# What to do
What is needed is an exact copy of the data below, pictures excluded.

# Data below
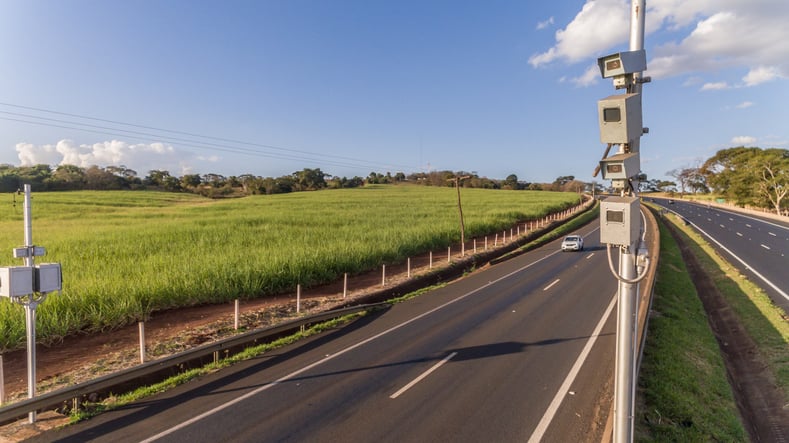 Un radar automatique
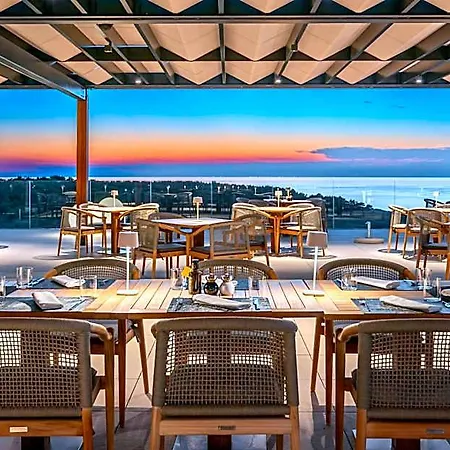 Hotel Petram & Residences 4*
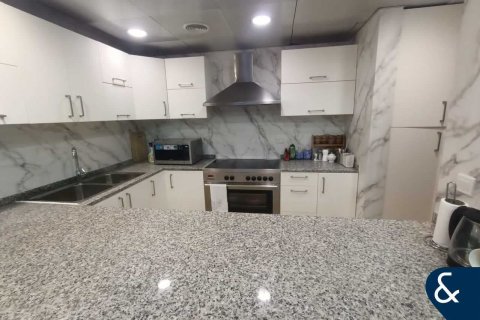 Apartamento en Greens, Dubai, 2 dormitorios, 131 m², № 78557 - foto 5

# Exercise solution
 Un radar automatique
 Hotel Petram & Residences 4*
 Apartamento en Greens, Dubai, 2 dormitorios, 131 m², № 78557 - foto 5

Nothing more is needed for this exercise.